Fortunately, I can still discuss why I think the experience didn’t work for me, which I think is actually a rather interesting case study.
My initial impression upon playing Lone Survivor was that it was confusing, both in ways that were obviously intentional and ways that were less so. I was willing to give it the benefit of the doubt to a certain degree, since uncertainty is an important element of horror storytelling, but the more I played the more I kept seeing inherent conflicts in the foundational design choices of the game.
First, the game has a strong element of survival: You scavenge food and other resources from the apartment complex to survive, and as time goes on your character becomes hungrier and more tired so you have to regularly return to your apartment to sleep and eat. So far so good, right? However, the game has a strong narrative element of uncertainty, of not knowing what exactly is going on, what caused it, or what your role in the proceedings is. These two elements are both good and interesting, but the combination of them is conflicted. You get a lot of items where you don’t know what they do, and the survival element strongly suggests the idea that you should save them for later, which means you’re unlikely to find out. It’s implied very early on to be possible to bypass enemies, but you can only discover how that works by experimenting and finding that flares stun enemies, which seems completely unintuitive given how little of a shit they give about the flashlight you carry around all the time, which seemingly casts much brighter light. Perhaps there’s a justification somewhere – I never found it.
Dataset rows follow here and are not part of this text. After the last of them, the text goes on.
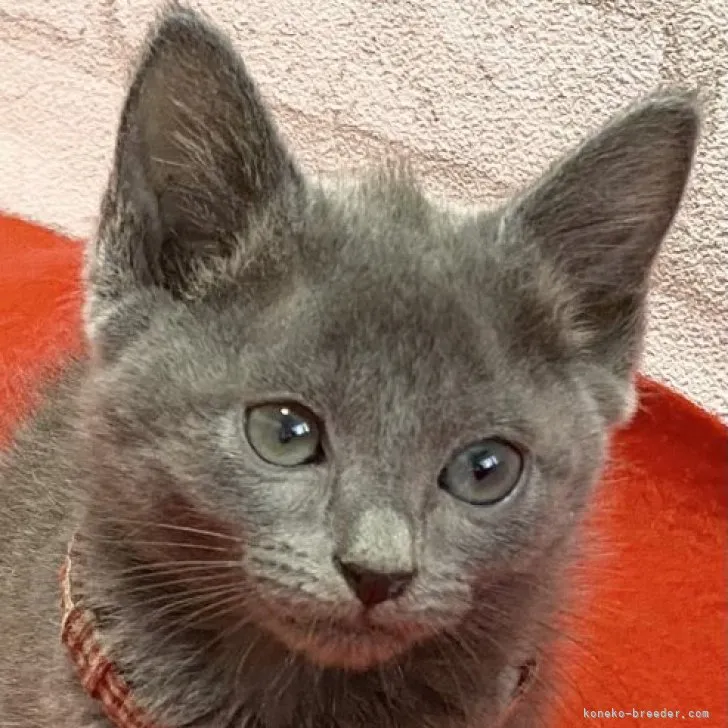 ID：2307-02249の子猫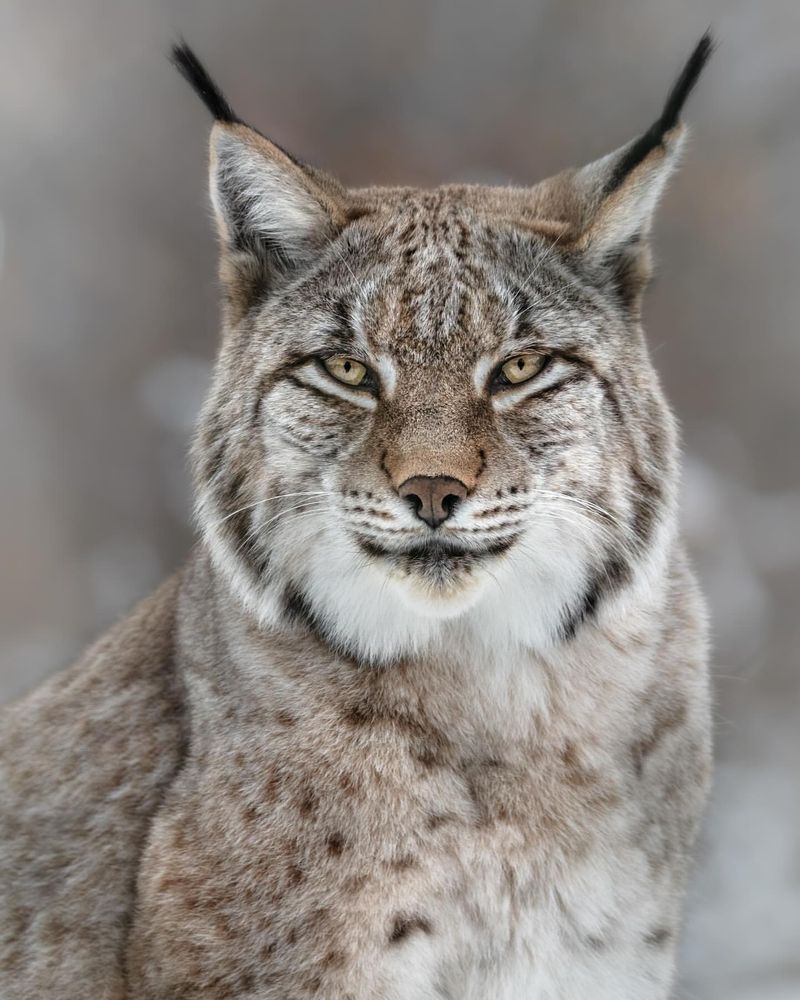 Canadian Lynx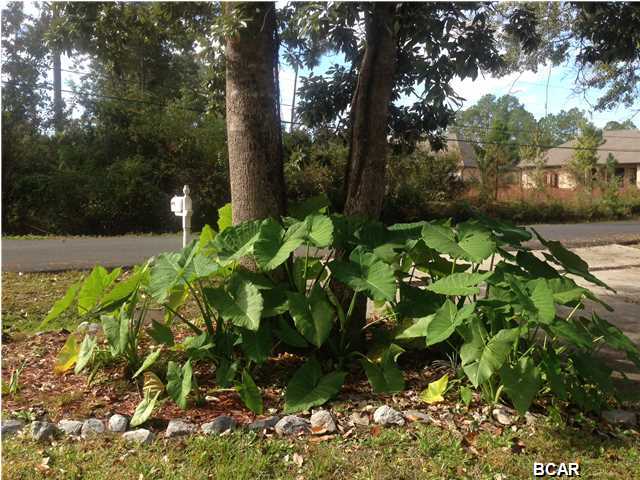 College Point - Residential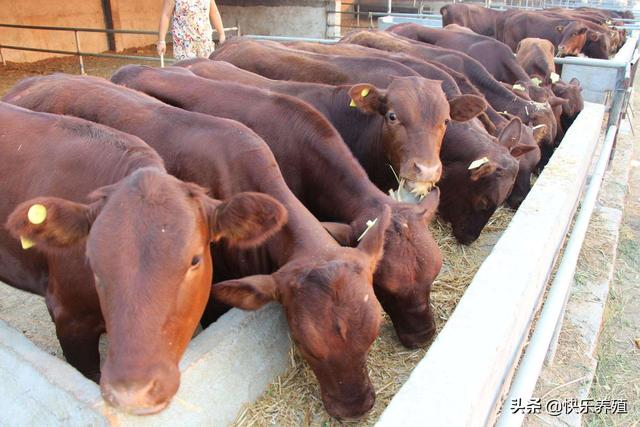 2023農村養牛賺錢嗎 養多少頭牛一年掙十萬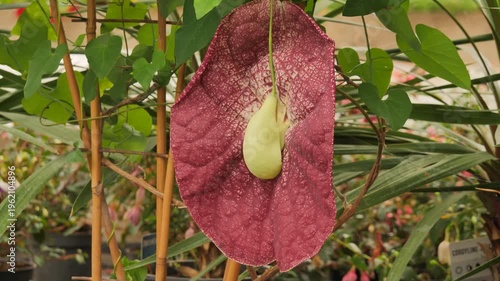 Aristolochia littoralis plant or elegant Dutchman's pipe. Aristolochiaceae family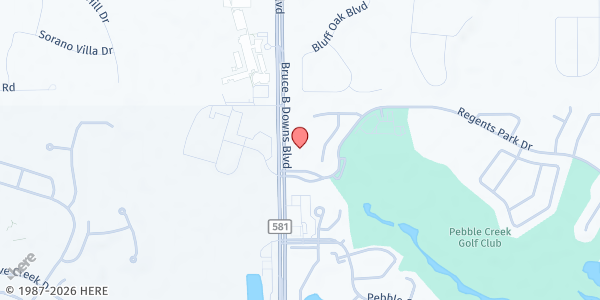 Map showing Bay Chapel Food Pantry at 19911 Bruce B Downs Boulevard, County Line Coalition, FL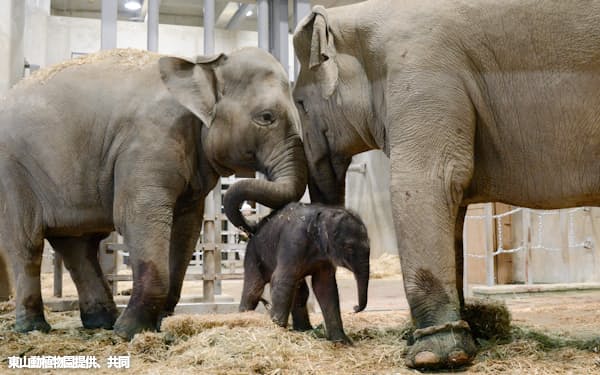 名古屋市の東山動植物園は、飼育しているアジアゾウが26日未明に赤ちゃん(中央)を出産したと発表した。同園でのアジアゾウの出産は2例目で、国内では15例目という。右は母親の「アヌラ」=同園提供、共同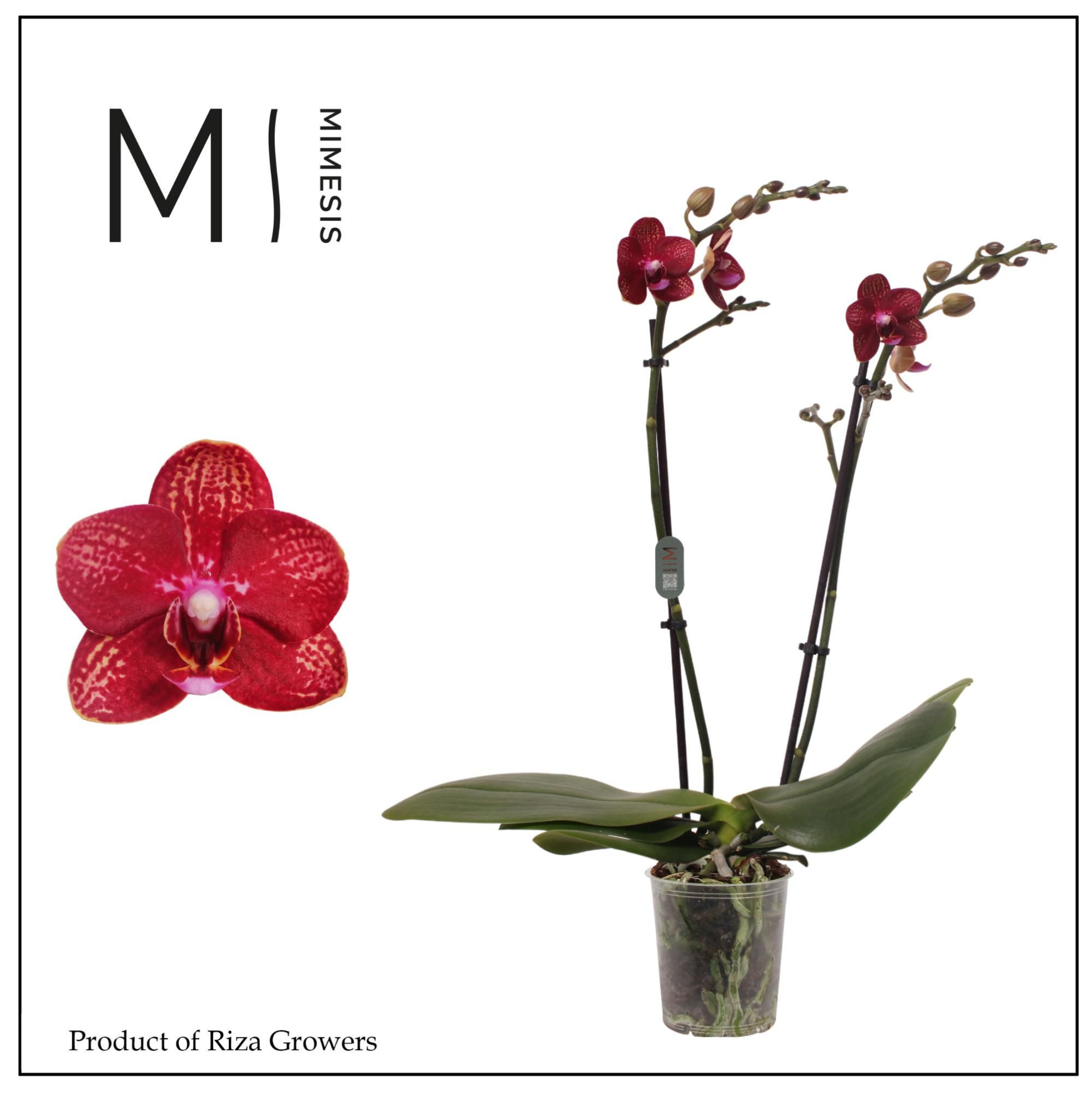 Phalaenopsis Miley 2 spike - 12cm | Mimesis, D 12 cm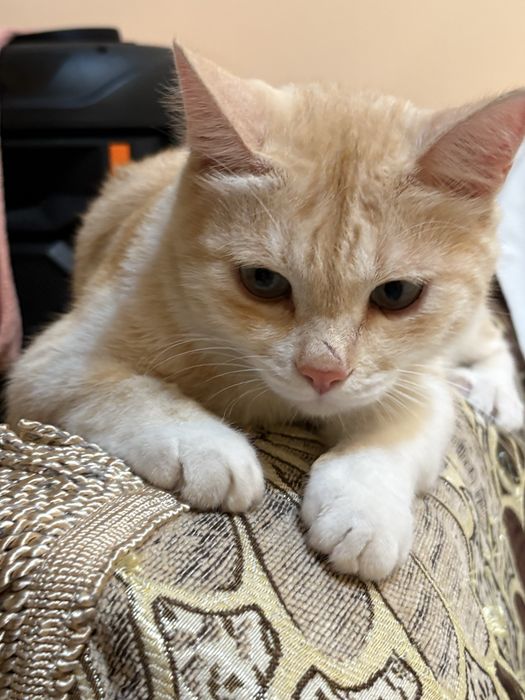 Рыжый домашний кот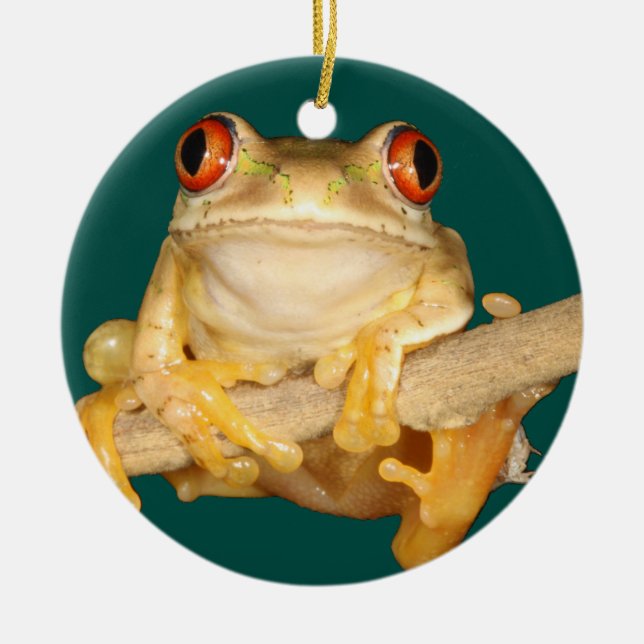 Tree Frog Ceramic Tree Decoration (Front)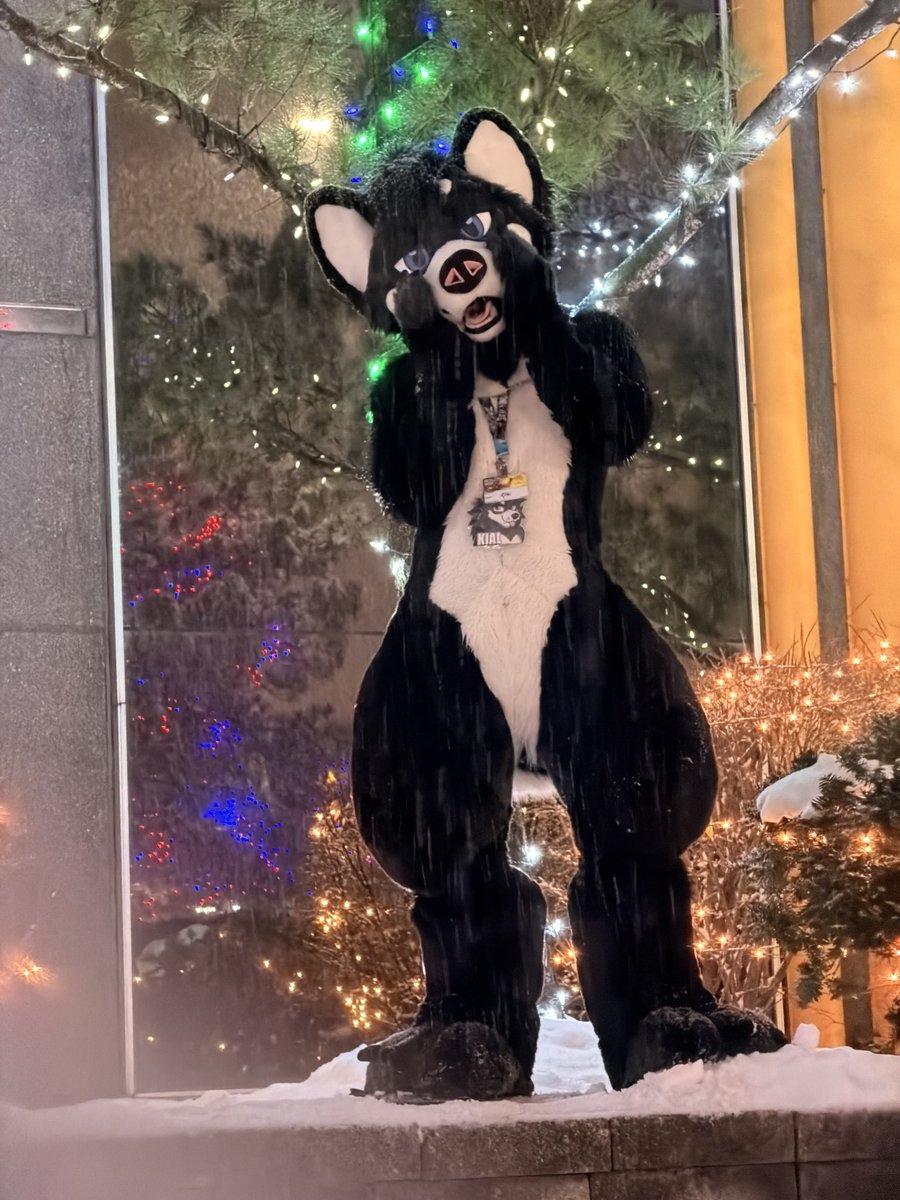 Kial 🔜 LVFC tweet media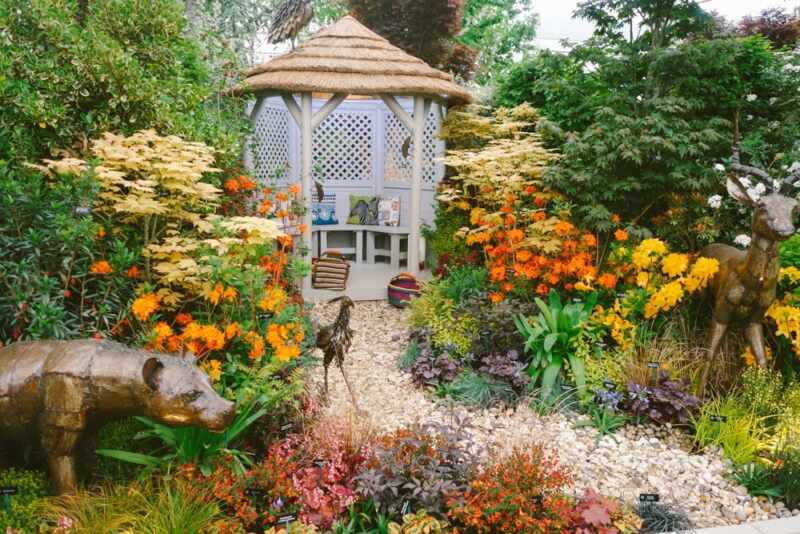 chelsea flower show 2015-22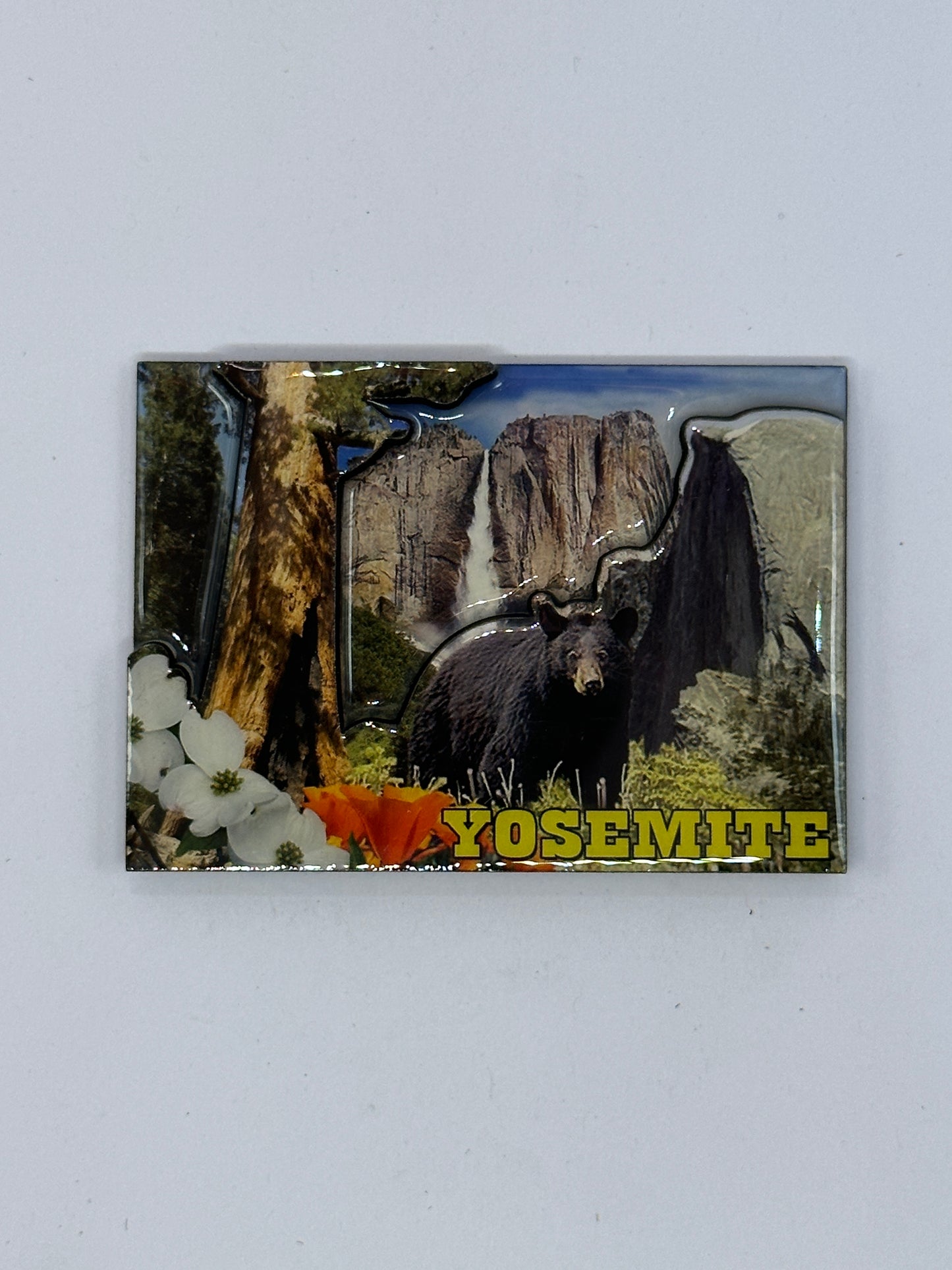 3D Bear View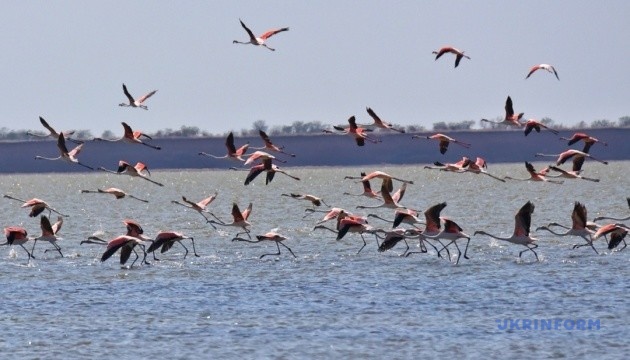 オデーサ州のフラミンゴ　最初の１羽「ロビンソン」から１５００羽の生息地へ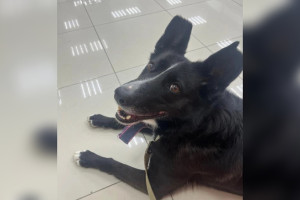 Бездомная собака из Владимира стала донором для спаниеля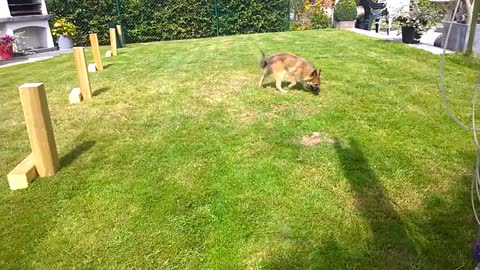 *Funny Puppy Video* Little Puppy Meets Big Dog!
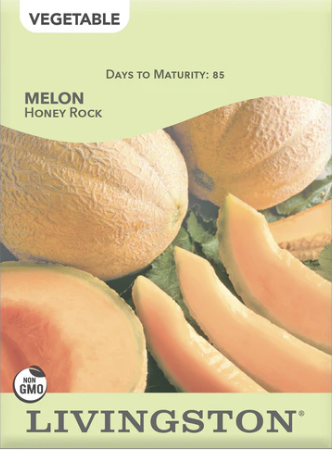 Screenshot 2026-01-26 at 9.36.56 AM.png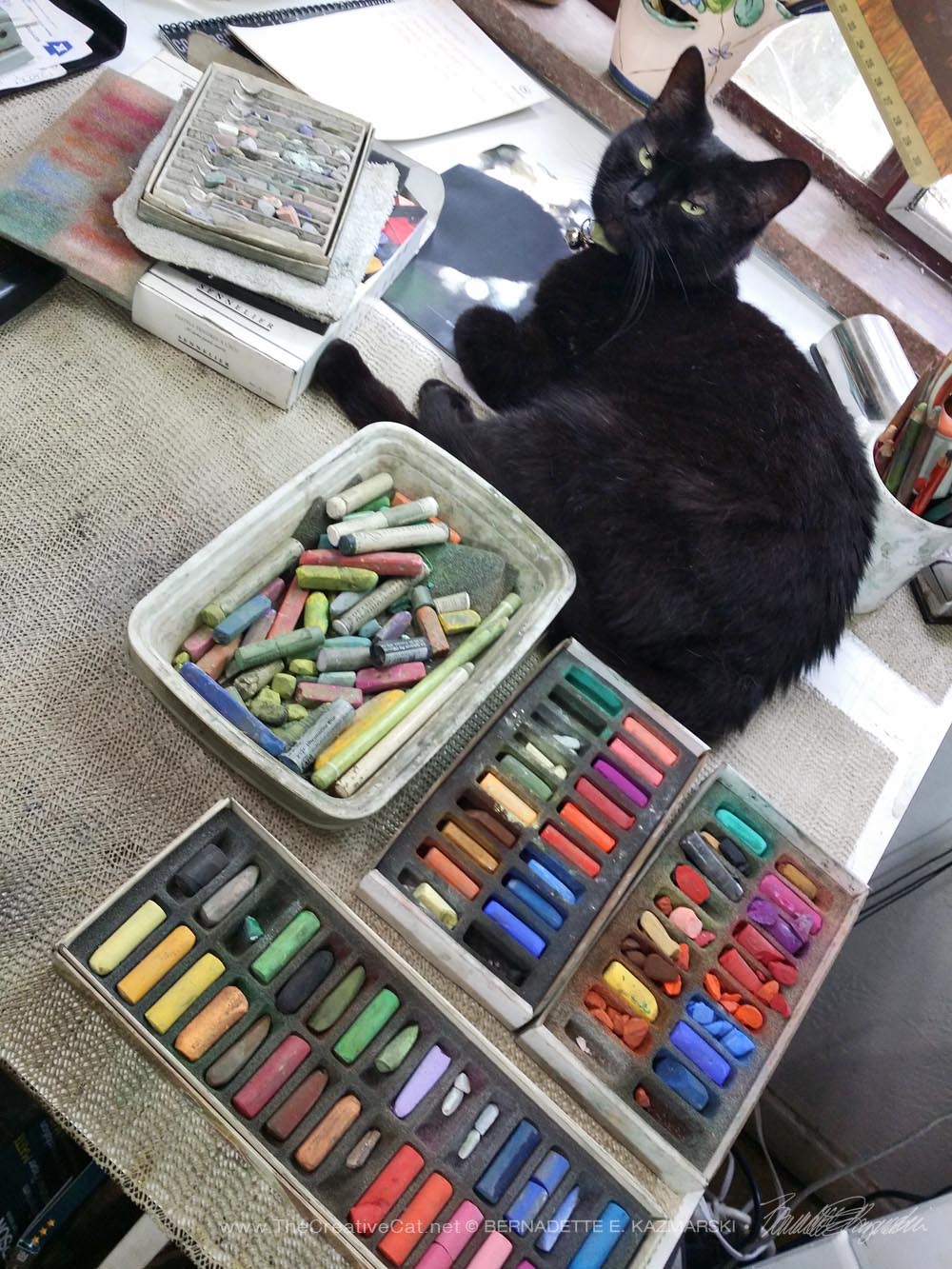 black cat with pastels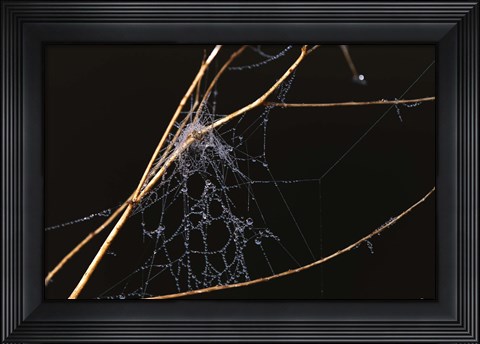 Framed Spider Web Covered In Dew Print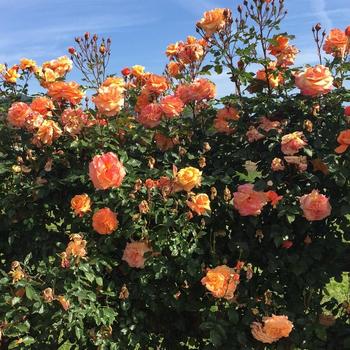Rosa Arborose® 'Tangerine Skies™'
Not only are you implicitly discouraged from experimentation, but it can easily become apparently impossible to proceed, if you find yourself low on ammunition and flares enemies are insurmountable barriers, completely blocking you from progressing further. I discovered after reading some information on the game that actually you can take one of the mystery pills you find to meet a guy in a dream who will give you more ammunition, but taking these pills will reduce a hidden mental health stat which apparently affects the ending you get. Once more experimentation is discouraged, and counter-intuitive mechanics go unexplored. Even if it is possible to acquire more resources, if you don’t know it’s possible and it can only happen once you’ve completely run out, the constraints on your play are exactly the same.
Are these two driving aesthetic choices inherently unresolvable? Within this format, and not making any concessions, I suspect they may be. If Lone Survivor was developed as a roguelike style game, where each run could end in failure and demanded experimentation as a survival strategy, the tension between these ideas could have been brought to the surface and played with as a gameplay trope instead of merely confusing and derailing the player. Or, if more concessions were made on the uncertainty aspect, such as making it intuitively obvious what all the game-objects did but mysterious how that function fit into a larger narrative, that could have worked as well Something needs to give, though, since these two driving concepts, within this framework, would inevitably come into conflict and undermine the expressive intent of the author.
All in all, I think the game has strong aesthetics and a lot of love put into it, but it is hampered by a poorly thought out combination of ideas. I may try playing it again someday with a walkthrough, since the world is intriguing but the process of exploring it is so tedious and frustrating, but for the time being I’d like to move on to something else.